Variation in ${\epsilon }_r^{\text{'}}$ of blood during coagulation. A) Surface plot of the variation in ${\epsilon }_r^{\text{'}}$ of human whole blood versus time and frequency. B) Histogram plot of the peak frequency for all tested blood samples. C) 2D slice of the surface plot showing variation in ${\epsilon }_r^{\text{'}}$ versus time at 1MHz. D) 2D slice of the surface plot showing variation in ${\epsilon }_r^{\text{'}}$ versus frequency at 5 minutes.

Fig. 4

Time course of variation in ${\epsilon }_r^{\text{'}}$ at 1MHz for human whole blood without (black square) and with (blue diamond) coagulation initiated by the addition of CaCl₂ to a citrated (anticoagulated) blood sample [32].

Fig. 5

Variation in coagulation time induced by a change in temperature. A) Time course of variation in ${\epsilon }_r^{\text{'}}$ at 1MHz for CaCl₂-treated human whole blood at various temperatures. B) Bar graph comparing the ClotChip readout parameter T_peak versus visual observation-based readings of the coagulation time for various temperatures. Horizontal lines indicate statistically significant difference in coagulation time at different temperatures (p < 0.05). C) Fitted curve to the ClotChip readout parameter T_peak showing a power relationship between the coagulation time and temperature (R² = 0.8876). Error bars represent the standard deviation of measurements run in triplicate for each temperature.

Fig. 6

Variation in coagulation time induced by changes in CaCl₂ concentration. A) Bar graph comparing the ClotChip readout parameter T_peak versus visual observation-based readings of the coagulation time for various CaCl₂ concentrations. Horizontal lines indicate statistically significant difference in coagulation time at different concentrations (p < 0.05). B) Fitted curve to the ClotChip readout parameter T_peak showing a power relationship between the coagulation time and CaCl₂ concentration (R² = 0.8344). Error bars represent the standard deviation of measurements run in triplicate for each CaCl₂ concentration.

Fig. 7

Comparison of ClotChip T_peak and ROTEM CT parameters. A) Time course of variation in ${\epsilon }_r^{\text{'}}$ at 1MHz for an untreated whole blood sample and for the same sample treated with anti-thrombin as well as thrombin. B) ROTEM profiles obtained for the three blood samples used in Fig. 7A. The arrow shows the clotting time (CT) of the anti-thrombin-treated blood sample, defined as the time taken for the ROTEM profile to reach an amplitude of 2mm. C) A very strong positive correlation (r = 0.99, p < 0.0001, n = 9) was observed between the ClotChip T_peak and ROTEM CT parameters. For all plots, error bars indicate duplicate measurements and are presented as mean ± standard error of the mean (SEM).

Fig. 8

Comparison of ClotChip Δε_r,max and ROTEM MCF parameters.
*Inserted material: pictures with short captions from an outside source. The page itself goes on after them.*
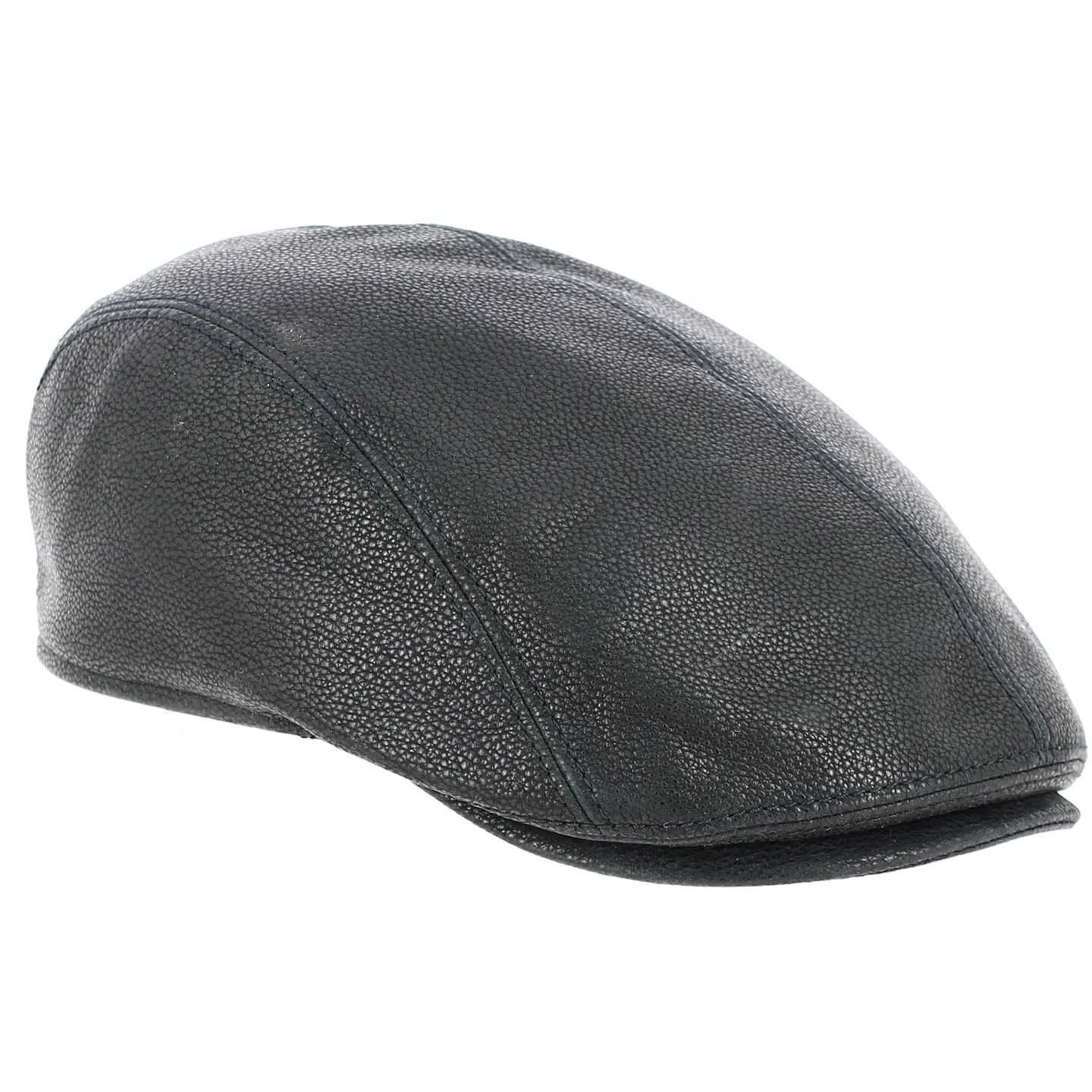 Casquette Bombée Jackson Cuir Noir - Göttmann  Reference : 13548| Chapellerie Traclet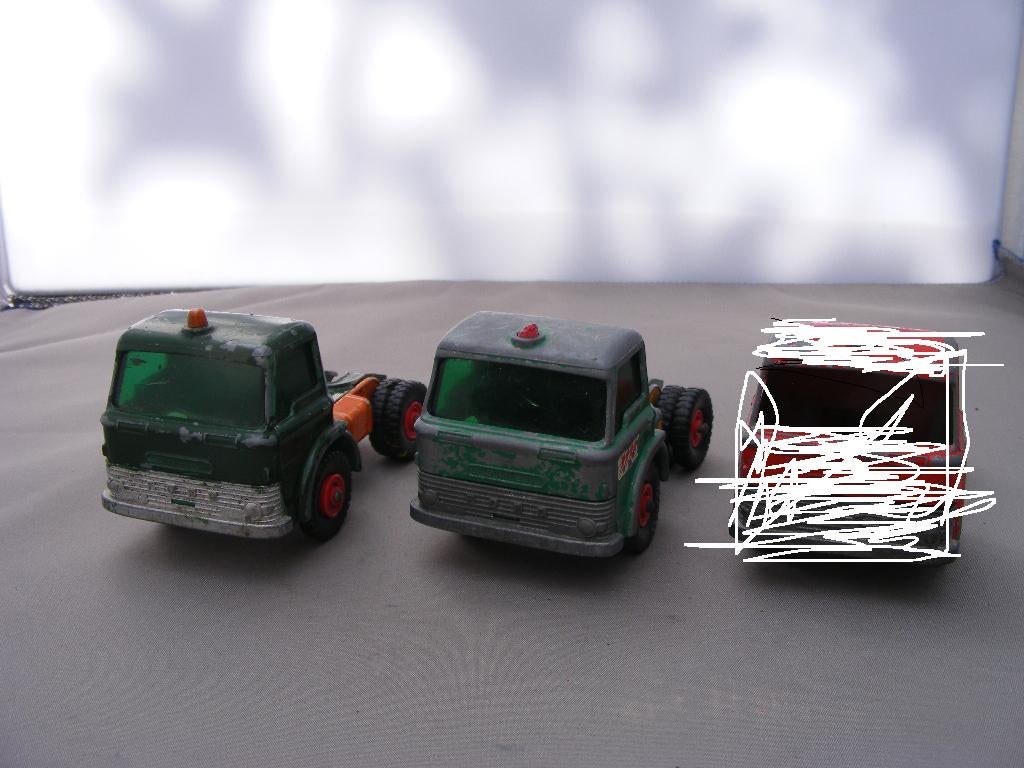 2x ford tractor matchbox lesney k17 incompleet, Verzenden, Gebruikt, Bus of Vrachtwagen, Matchbox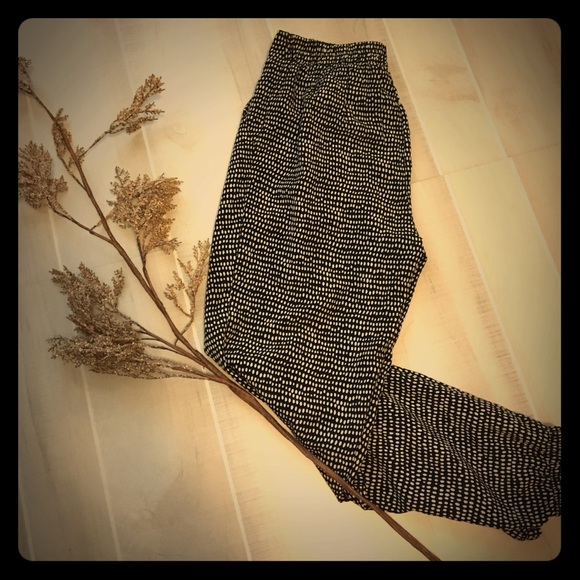 Black and cream harem pants!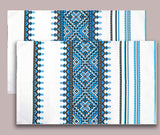 Gift Set: 2 Blue Embroidery Design Towels with angel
A) Time course of variation in ${\epsilon }_r^{\text{'}}$ at 1MHz for an untreated whole blood sample (CyD concentration of 0μM) and for the same sample treated with CyD concentrations of 2.5μM and 10μM. B) ROTEM profiles obtained for the three blood samples used in Fig. 8A. The arrows show the maximum clot firmness (MCF) of the 10μM-CyD-treated blood sample. C) A strong positive correlation (r = 0.85, p < 0.001, n = 13) was observed between the ClotChip Δε_r,max and ROTEM MCF parameters. For all plots, error bars indicate duplicate measurements and are presented as mean ± SEM.